## WHAT TO PRODUCE
When you transcribe the listing that follows, keep every line exact and skip any picture.

## DATA
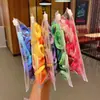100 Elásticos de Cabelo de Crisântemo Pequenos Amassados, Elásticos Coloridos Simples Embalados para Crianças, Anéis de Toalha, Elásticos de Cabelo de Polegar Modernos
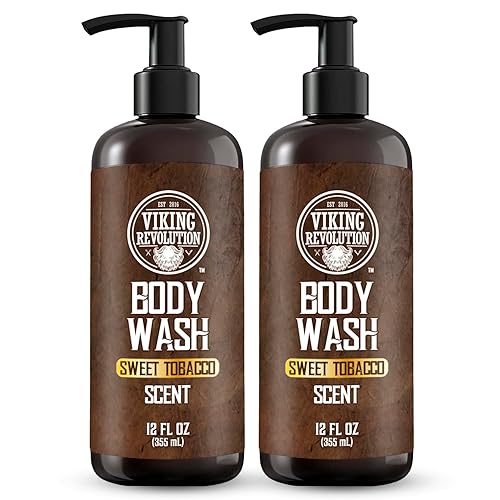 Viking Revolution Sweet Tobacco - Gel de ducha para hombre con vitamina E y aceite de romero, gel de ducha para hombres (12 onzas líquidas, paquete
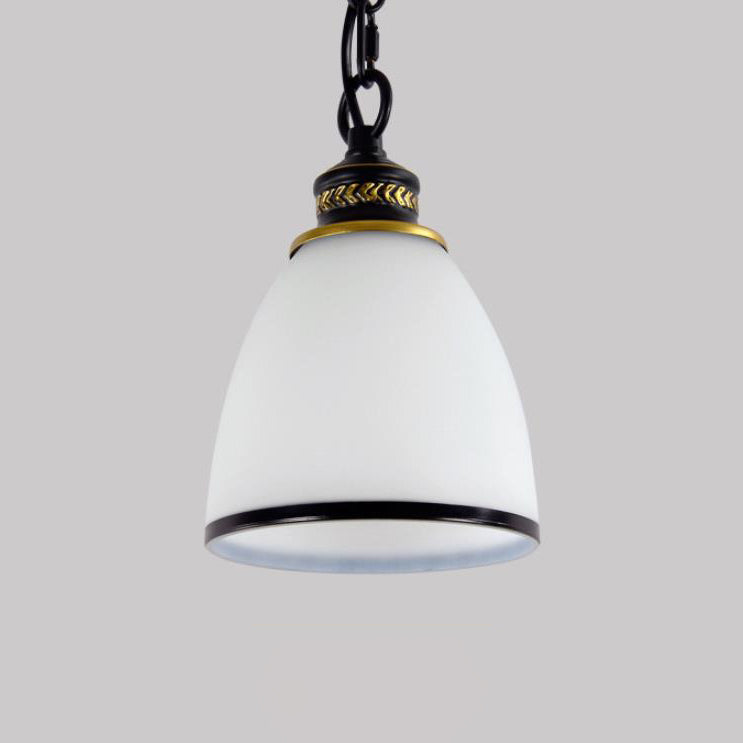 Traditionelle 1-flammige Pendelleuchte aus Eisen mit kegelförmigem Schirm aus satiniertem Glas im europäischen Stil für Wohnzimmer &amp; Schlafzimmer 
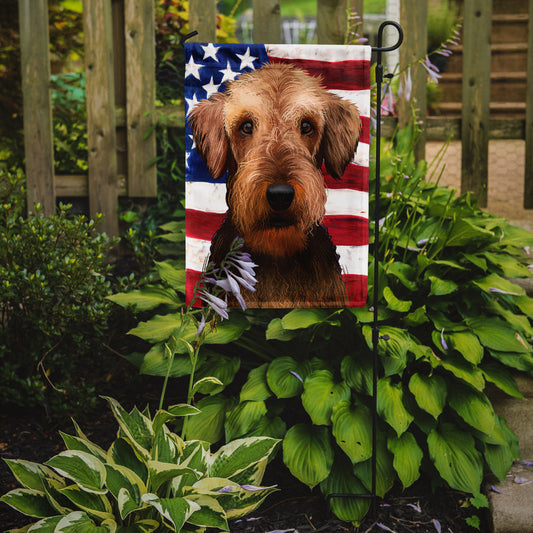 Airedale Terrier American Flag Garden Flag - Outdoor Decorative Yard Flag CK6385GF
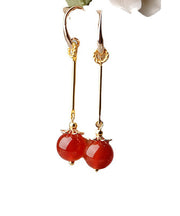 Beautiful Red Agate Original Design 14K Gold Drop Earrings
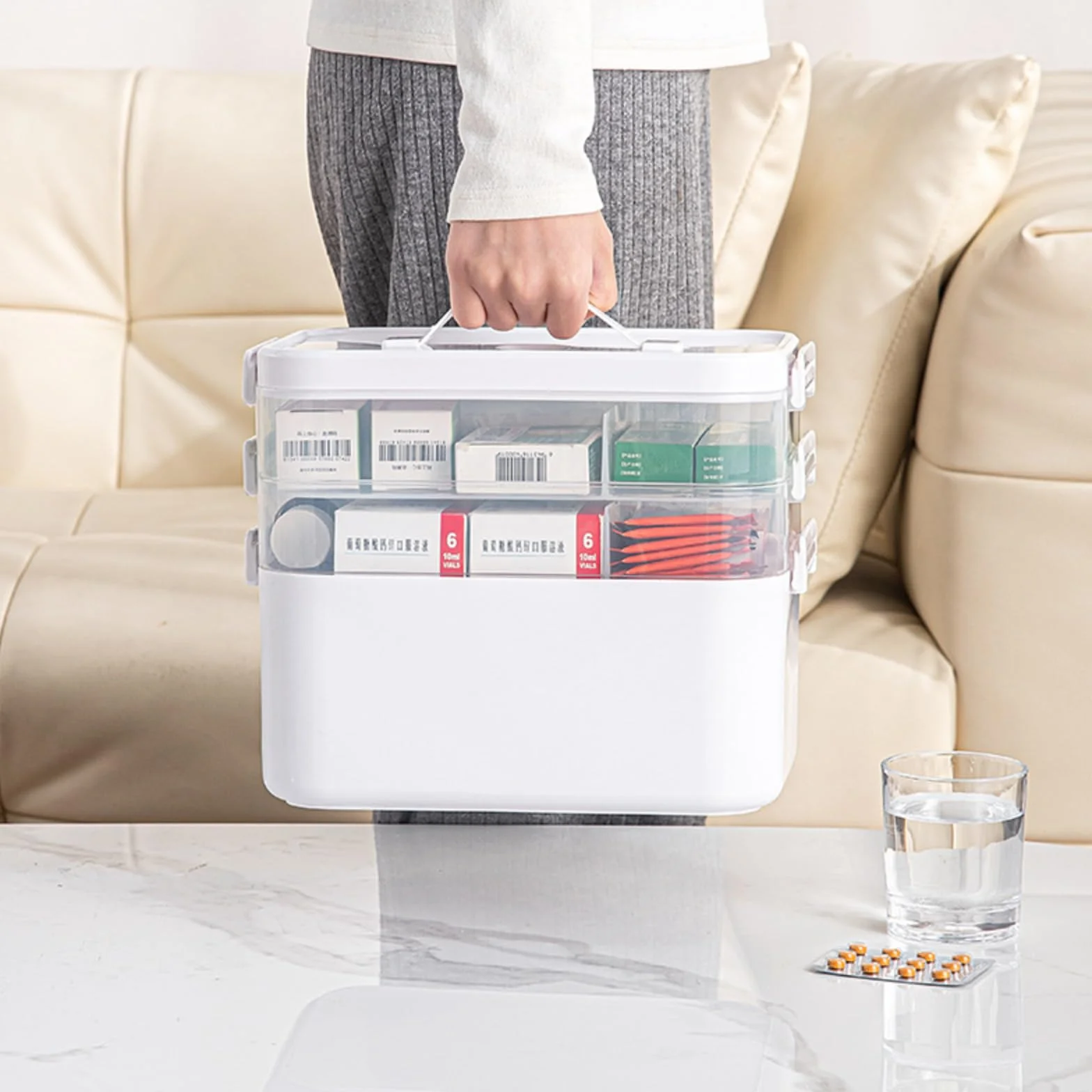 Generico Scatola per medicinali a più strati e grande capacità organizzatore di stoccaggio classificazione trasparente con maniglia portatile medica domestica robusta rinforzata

## SOLUTION BELOW
100 Elásticos de Cabelo de Crisântemo Pequenos Amassados, Elásticos Coloridos Simples Embalados para Crianças, Anéis de Toalha, Elásticos de Cabelo de Polegar Modernos
 Viking Revolution Sweet Tobacco - Gel de ducha para hombre con vitamina E y aceite de romero, gel de ducha para hombres (12 onzas líquidas, paquete
 Traditionelle 1-flammige Pendelleuchte aus Eisen mit kegelförmigem Schirm aus satiniertem Glas im europäischen Stil für Wohnzimmer &amp; Schlafzimmer 
 Airedale Terrier American Flag Garden Flag - Outdoor Decorative Yard Flag CK6385GF
 Beautiful Red Agate Original Design 14K Gold Drop Earrings
 Generico Scatola per medicinali a più strati e grande capacità organizzatore di stoccaggio classificazione trasparente con maniglia portatile medica domestica robusta rinforzata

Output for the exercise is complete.